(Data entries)
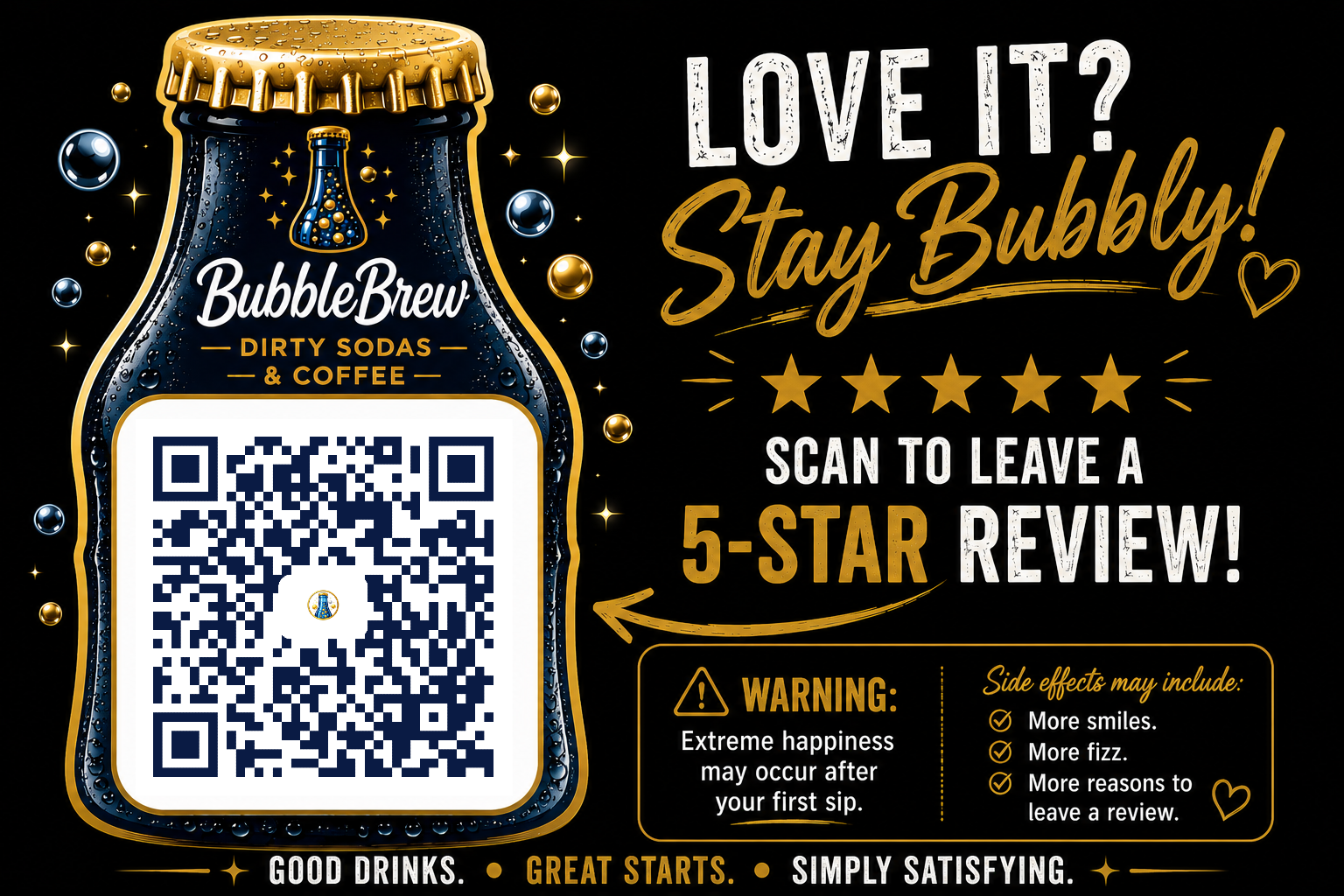 BubbleBrew five-star review sign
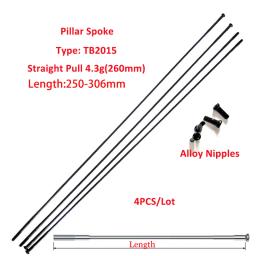 4 pçs/lote Pilar TB2015 Bicicleta Raio FG14 2.0mm 0.0166g/mm tração reta Triplo Butted Aço Inoxidável Preto 250-306mm Liga Mamilo - Image 1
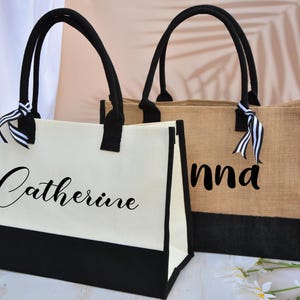 Sac fourre-tout avec nom personnalisé, grand sac à bandoulière personnalisé, sac en jute, sac fourre-tout de plage de demoiselle d'honneur, sac fourre-tout lune de miel, sac fourre-tout de plage en toile de coton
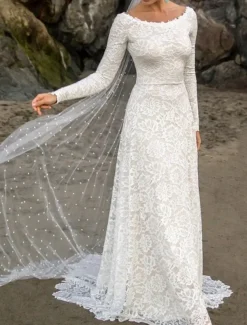 Wedding Dresses A-Line Boat Neck Long Sleeve Court Train Lace Bridal Gowns With Ruched Solid Color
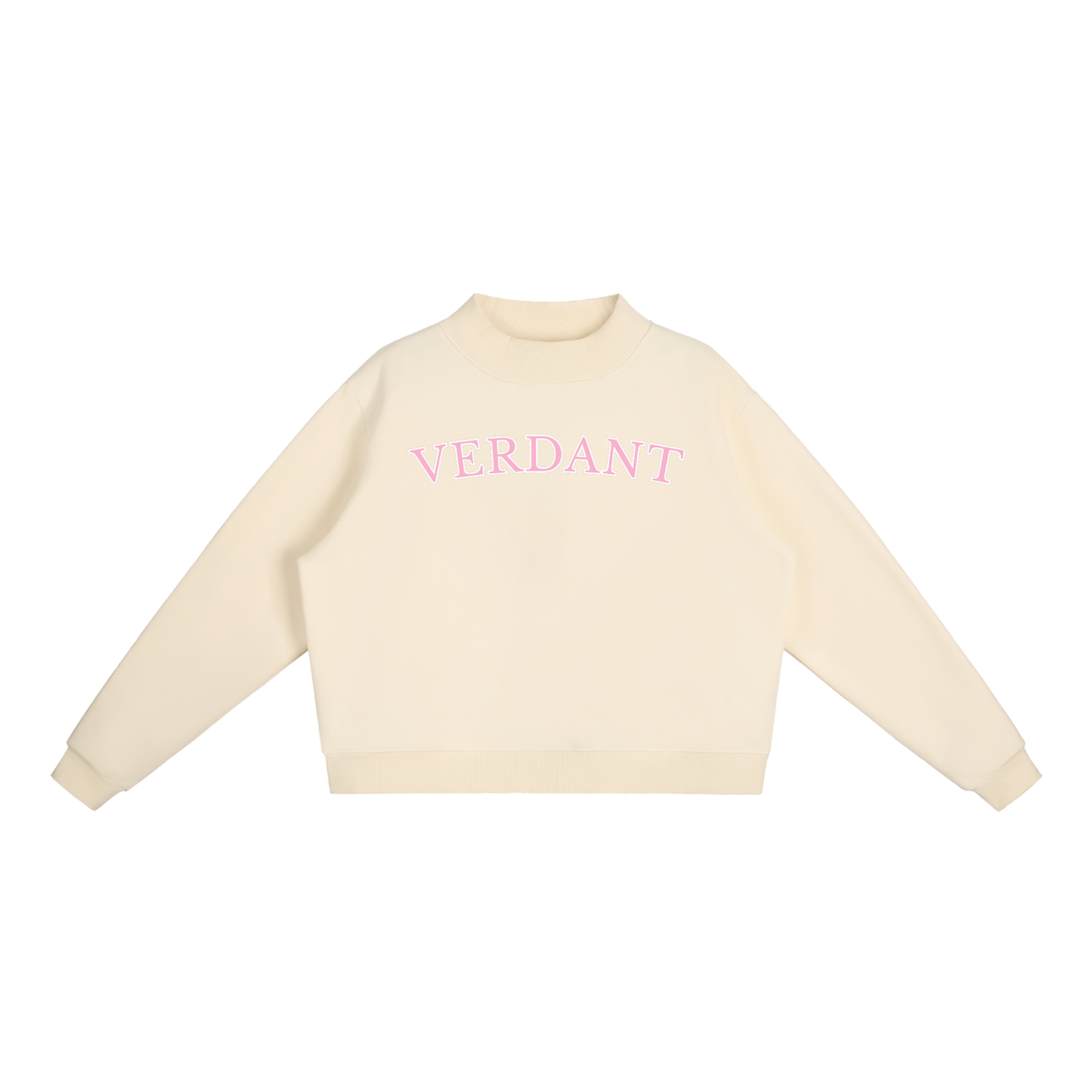 Verdant mock-neck crewneck in cream apricot, front with arched VERDANT lettering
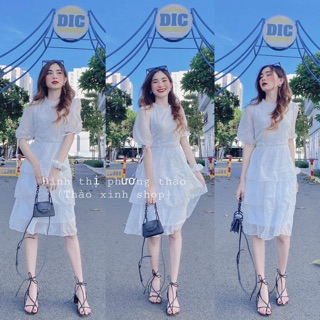 Váy trắng 3 tầng cộc tay style tiểu thư xinh xắn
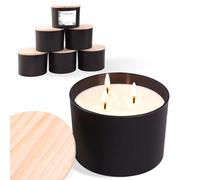 6 Pack Glass Candle Jars with Lids (16oz, Forested Black) - Large Candle Jars for 3 Wick Candles Making - Empty Candle Jars Containers - Candle Making Accessories include 16Pcs Candle Labels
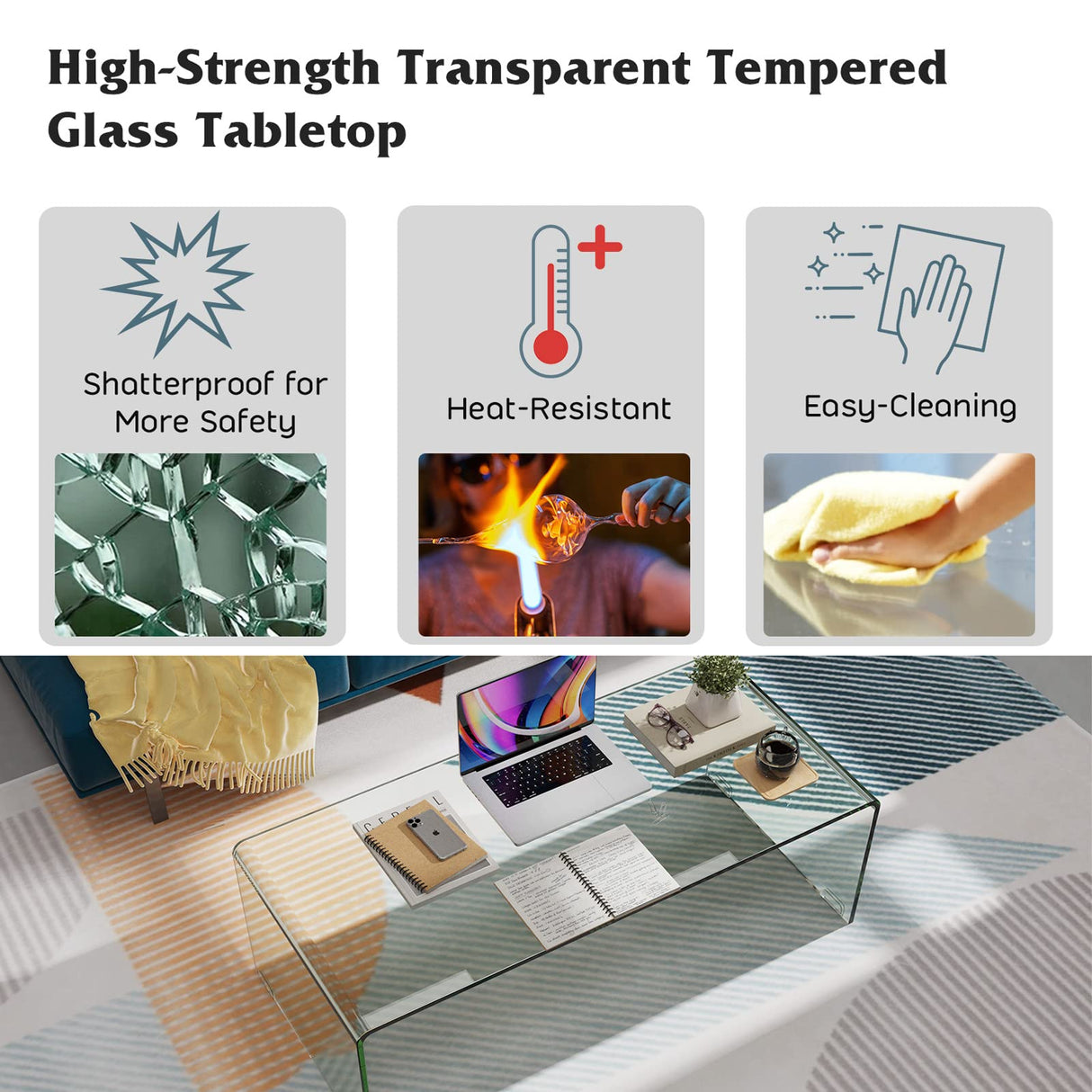 Tangkula Glass Coffee Table, 42.5" L × 20" W ×14" H, Modern Home Furniture, Clear Tempered Glass End Table, International Occasion Tea Table, Waterfall Table with Rounded Edges (Clear) Tangkula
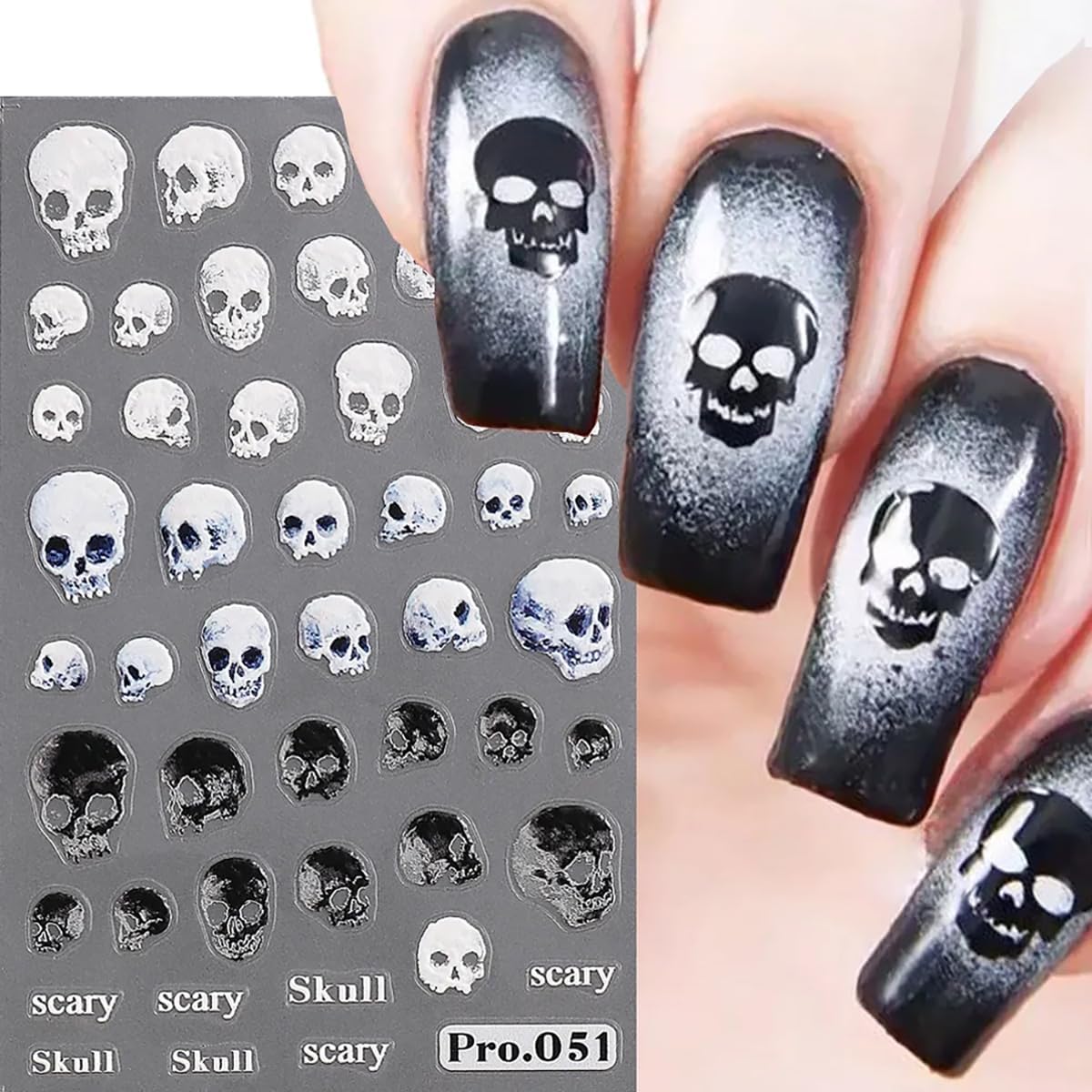 8 hojas de calcomanías de arte de uñas de Halloween, lindas calcomanías de fantasma, calabaza, calavera, gato, espeluznante, diseño de calavera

• _DESCRIPTION OF THE TASK_: Output the data above in full and exactly, with every image left out.

• _ANSWER TO THIS EXERCISE_:
 BubbleBrew five-star review sign
 4 pçs/lote Pilar TB2015 Bicicleta Raio FG14 2.0mm 0.0166g/mm tração reta Triplo Butted Aço Inoxidável Preto 250-306mm Liga Mamilo - Image 1
 Sac fourre-tout avec nom personnalisé, grand sac à bandoulière personnalisé, sac en jute, sac fourre-tout de plage de demoiselle d'honneur, sac fourre-tout lune de miel, sac fourre-tout de plage en toile de coton
 Wedding Dresses A-Line Boat Neck Long Sleeve Court Train Lace Bridal Gowns With Ruched Solid Color
 Verdant mock-neck crewneck in cream apricot, front with arched VERDANT lettering
 Váy trắng 3 tầng cộc tay style tiểu thư xinh xắn
 6 Pack Glass Candle Jars with Lids (16oz, Forested Black) - Large Candle Jars for 3 Wick Candles Making - Empty Candle Jars Containers - Candle Making Accessories include 16Pcs Candle Labels
 Tangkula Glass Coffee Table, 42.5" L × 20" W ×14" H, Modern Home Furniture, Clear Tempered Glass End Table, International Occasion Tea Table, Waterfall Table with Rounded Edges (Clear) Tangkula
 8 hojas de calcomanías de arte de uñas de Halloween, lindas calcomanías de fantasma, calabaza, calavera, gato, espeluznante, diseño de calavera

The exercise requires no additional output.